Unsloth GLM-5.2 – How to Run Locally
5 hours ago
- #Local Inference
- #AI Model
- #Quantization
- GLM-5.2 is a new open model from Z.ai with 744B parameters, 40B active parameters, and a 1M context window.
- It can be run locally using Unsloth Dynamic GGUFs, which reduce the model size from 1.51TB to 239GB (2-bit) or 217GB (1-bit).
- Hardware requirements vary by quantization level, with 1-bit needing 223GB total memory and 8-bit needing 810GB.
- The model offers three thinking modes: Non-thinking, High, and Max, with Max recommended for complex tasks.
- Default settings for most tasks include a temperature of 1.0 and top_p of 0.95.

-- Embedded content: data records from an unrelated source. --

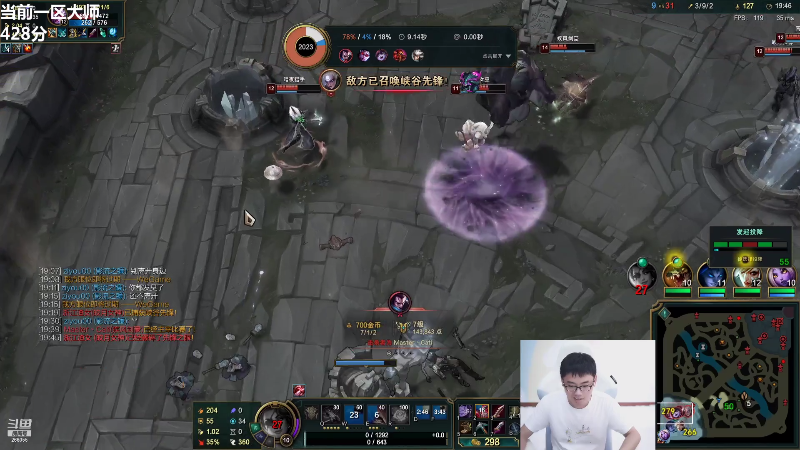 【英雄联盟】萌面酥的精彩时刻 20210820 13点场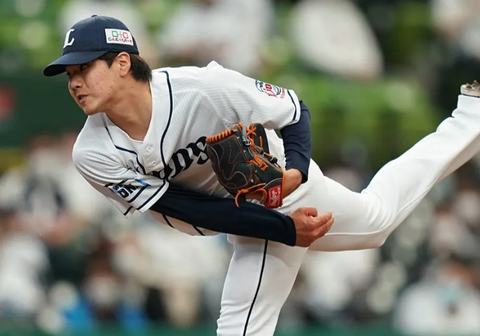 Screenshot_20251116-174822~2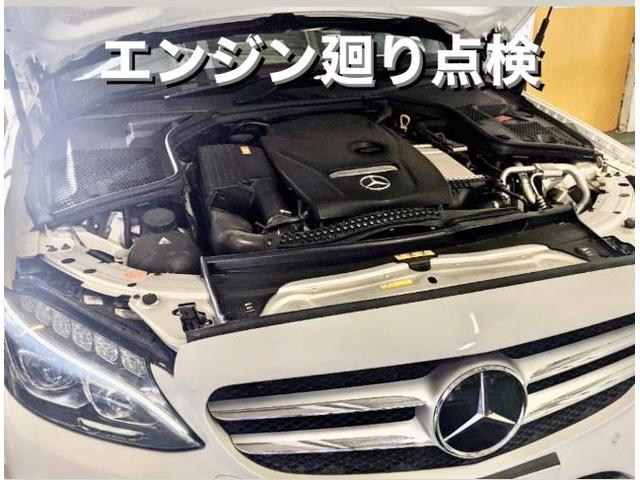 Mercedes-Benz メルセデスベンツC200スポーツワゴン エンジンチェックランプ警告灯点灯 NOxセンサー社外部品交換。栃木県さくら市Y様 ご依頼ありがとうございます。ベンツ車検整備修理板金塗装故障テスター診断販売買取 Kレボ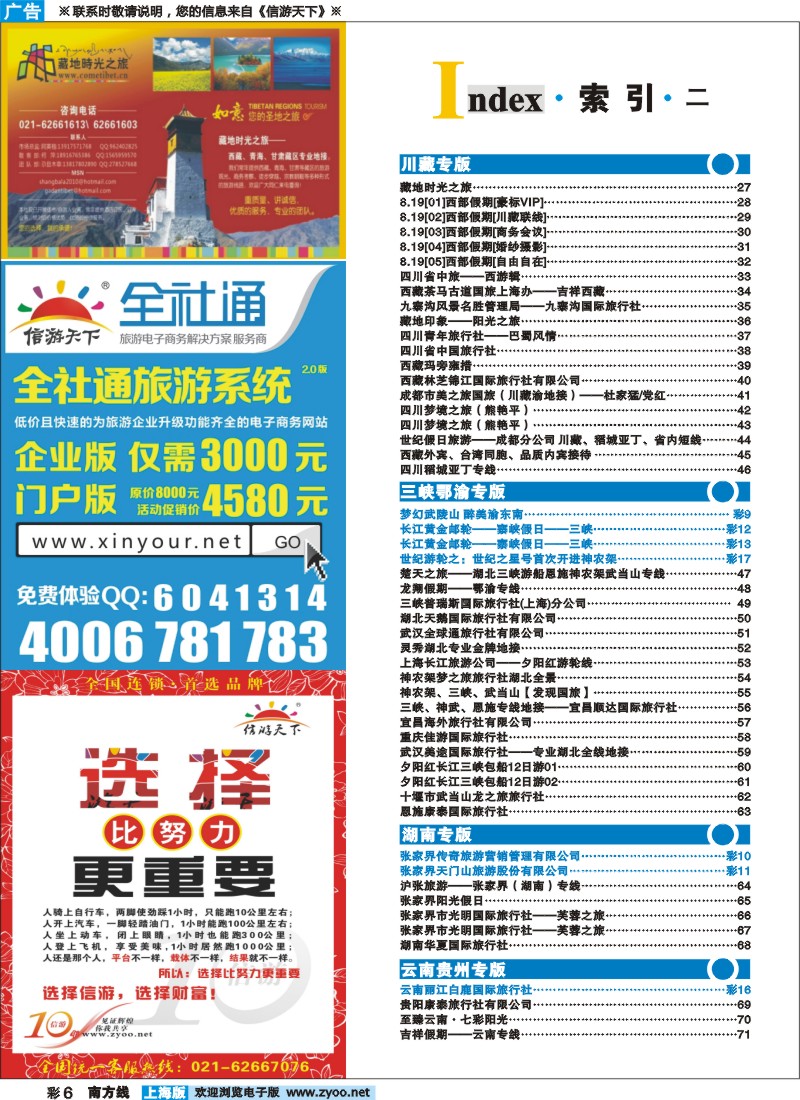 s彩6 439期 南方线-上海版目录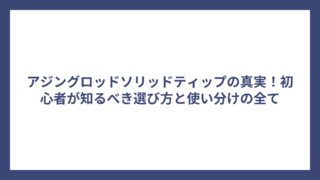 アジングロッドソリッドティップの真実！初心者が知るべき選び方と使い分けの全て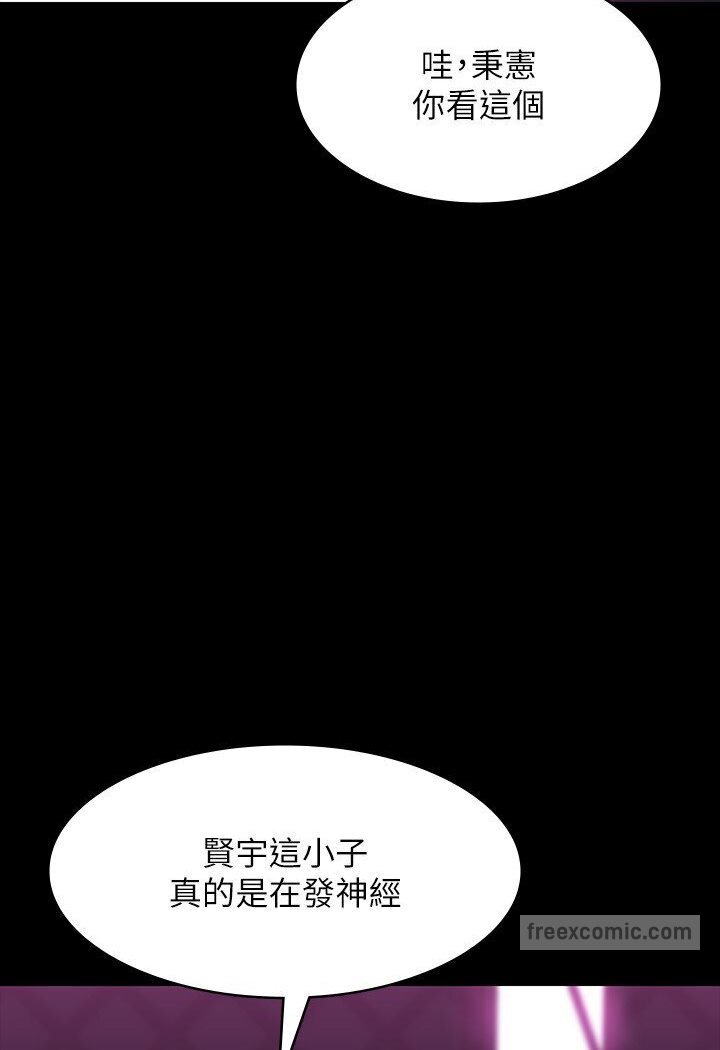 超級公務員 在线观看 第113話-越抗拒越刺激 漫画图片9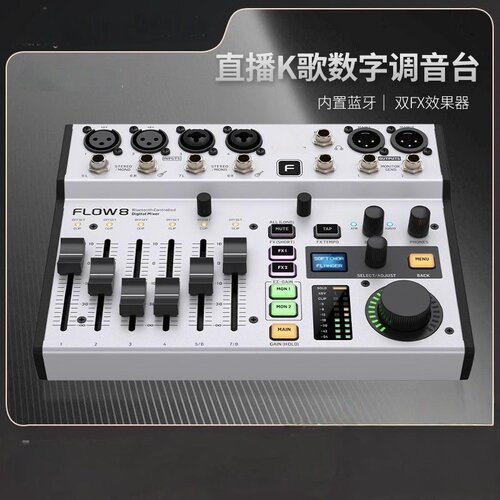 FLOW8蓝牙数字调音台直播录音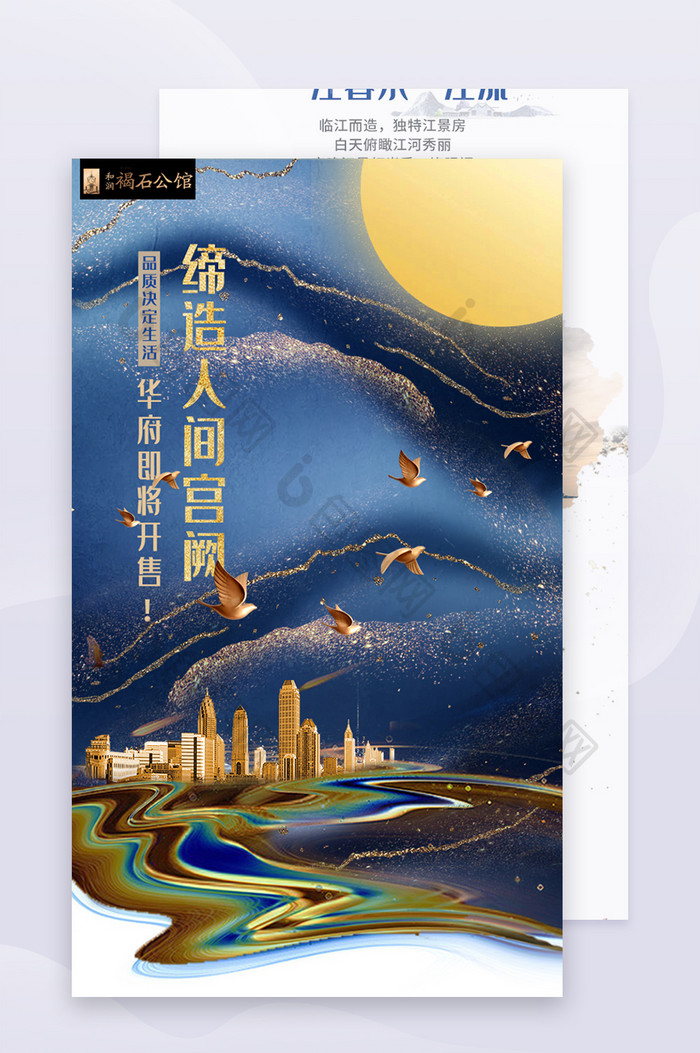水墨鎏金工艺中国风房地产营销信息长图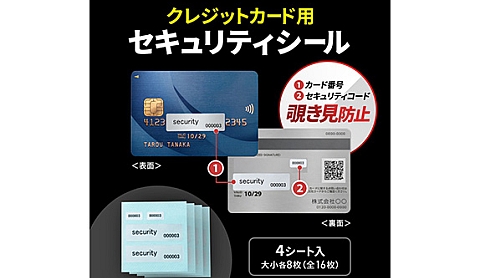 ビジネス用クレジットカードのセキュリティを強化するシール
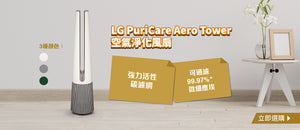 電器幫｜LG PuriCare Aero Tower 空氣淨化風扇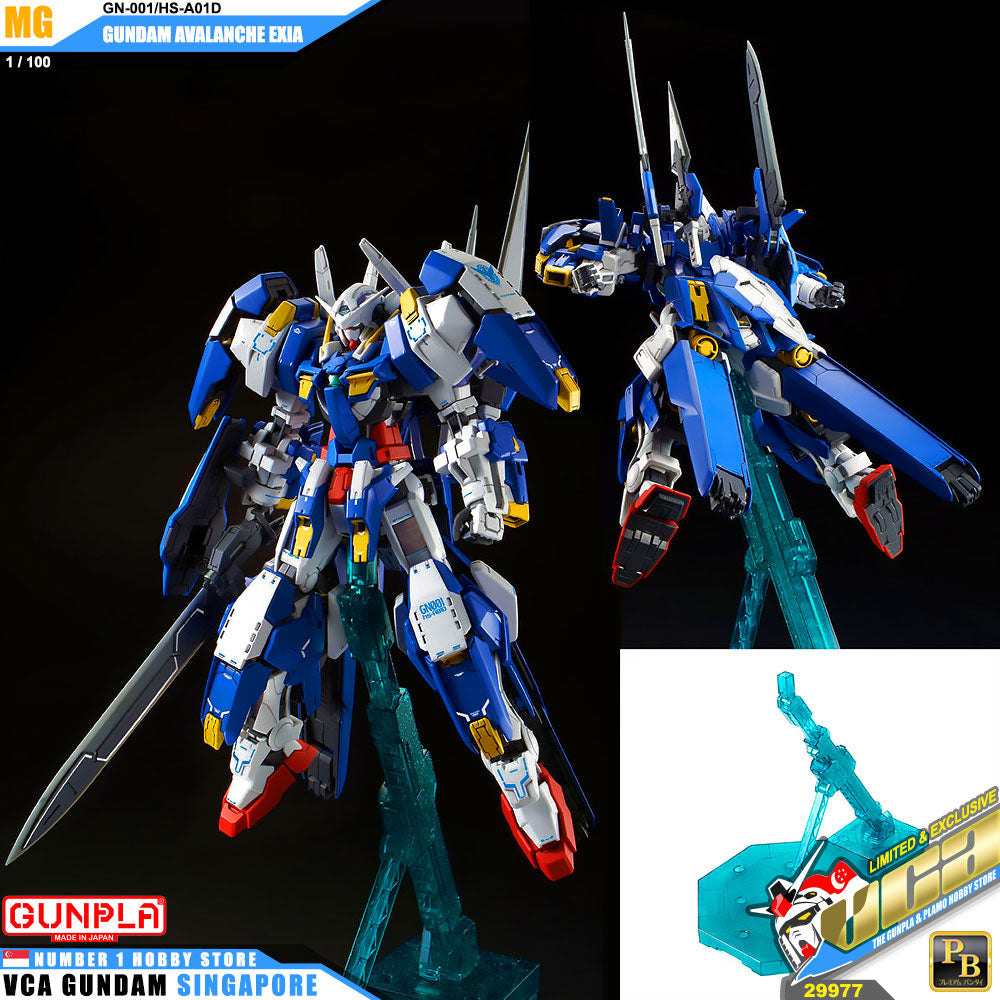 MG GUNDAM AVALANCHE EXIA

- Quantization analysis shows dynamic 1-bit achieving 76.2% accuracy and dynamic 2-bit around 82%, while dynamic 4-bit and 5-bit are near-lossless.
- GLM-5.2 can be run in Unsloth Studio for a web UI experience or via llama.cpp for command-line inference.
- Long context support is enhanced through KV cache quantization, allowing for extended context lengths.
- Benchmarks indicate GLM-5.2 performs on par with top models like Claude 4.8 Opus and GPT-5.5.